Her sister responded to my obvious look of befuddlement: "Lame," she told me. "Or gay." Ah, yes. Except for new synonyms, high school hasn't changed a bit. I'm down with the lingo, though that word—"emo," that is—has made my skin crawl like a toddler chasing a dog's tail since at least 1996.
That said, this second effort from four-piece local kinda-supergroup Ela (composed of Bill Caperton and Knol Tate of Askeleton and Sean McPherson and Peter Leggett of Heiruspecs) sometimes treads that terrain whose name I dare not mention. Yet Ela never careen into the self-indulgence and genre-specific feigned and strained vocals that make the sound so easy for anyone with a guitar, vocal chords, and an Urban Outfitters-loving, suburban ex-girlfriend to mimic.
Instead, Caperton is beautifully restrained and earnest, often contemplative and quiet, and Leggett's groovy beats and Tate's ethereal keyboards lend the band a dreamy, dance-y, new-wave sound.

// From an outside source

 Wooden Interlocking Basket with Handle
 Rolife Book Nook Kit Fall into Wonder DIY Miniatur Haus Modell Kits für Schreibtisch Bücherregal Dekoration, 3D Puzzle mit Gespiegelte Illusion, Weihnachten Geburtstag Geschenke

In fact, the band goes beyond the sum of its supergroup parts, and often sounds like a collaboration of something much larger. Bits of critically acclaimed local groups the Plastic Constellations; Halloween, Alaska; and Duplomacy are reflected in Ela's varied pre-slumber and post-party sound, which is a beautiful thing. Because even as our MyUniverse is infinitely expanding, it proves we are more intimately intertwined than ever, and that some things, like high school, never do change.